(YOUR INSTRUCTIONS): Restate word for word the lines below, from the one containing "- Chambray Blue" through the final line, with no pictures included.

Brief descriptive captions:
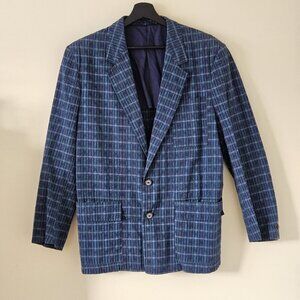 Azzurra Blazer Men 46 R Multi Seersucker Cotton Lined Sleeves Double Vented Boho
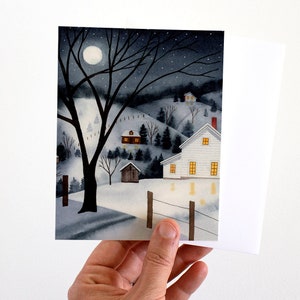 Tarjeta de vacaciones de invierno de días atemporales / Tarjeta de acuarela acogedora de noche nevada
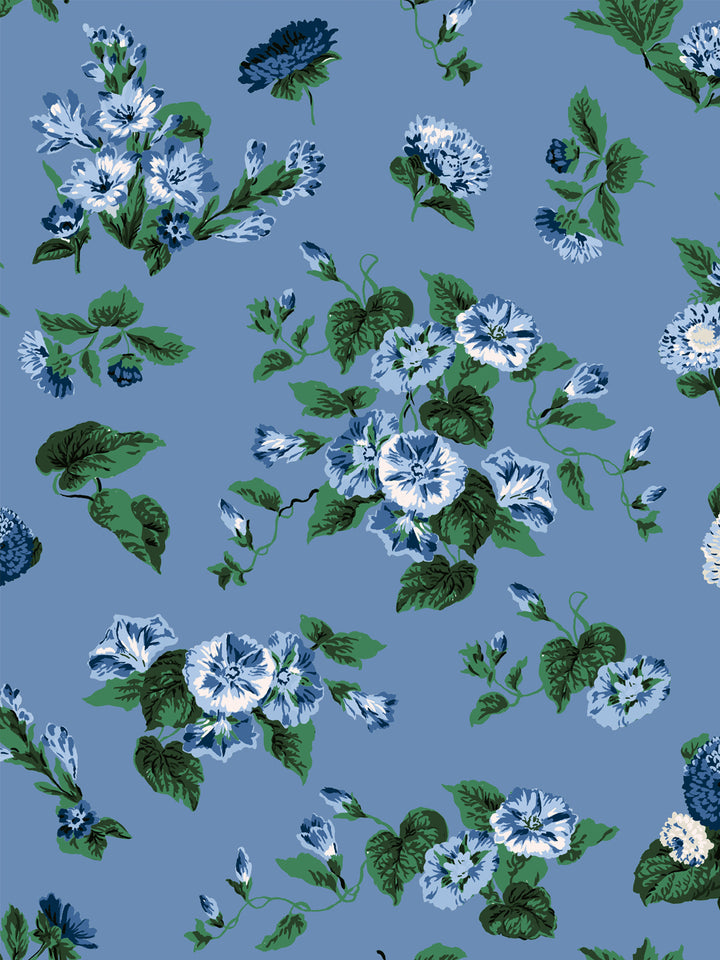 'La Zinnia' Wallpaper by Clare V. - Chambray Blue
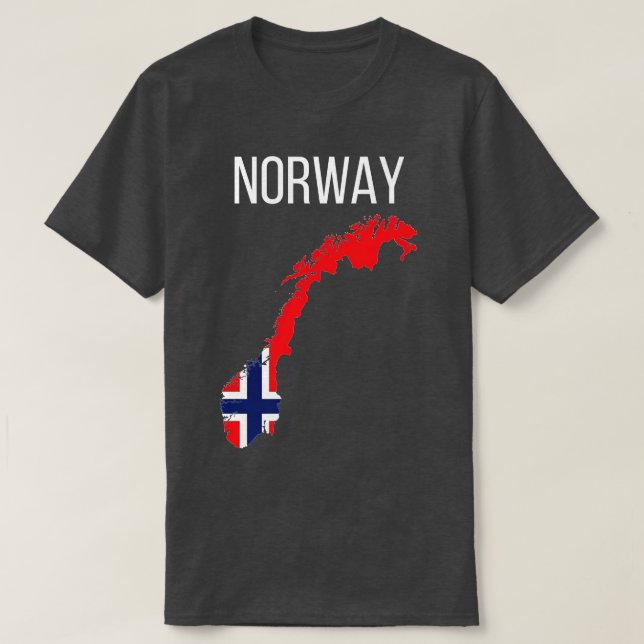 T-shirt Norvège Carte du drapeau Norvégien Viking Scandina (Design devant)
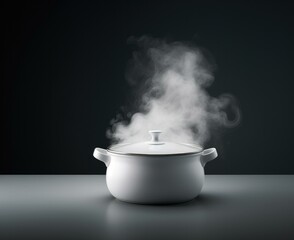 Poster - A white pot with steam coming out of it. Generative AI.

(RESPONSE BELOW):
 'La Zinnia' Wallpaper by Clare V. - Chambray Blue
 T-shirt Norvège Carte du drapeau Norvégien Viking Scandina (Design devant)
 Poster - A white pot with steam coming out of it. Generative AI.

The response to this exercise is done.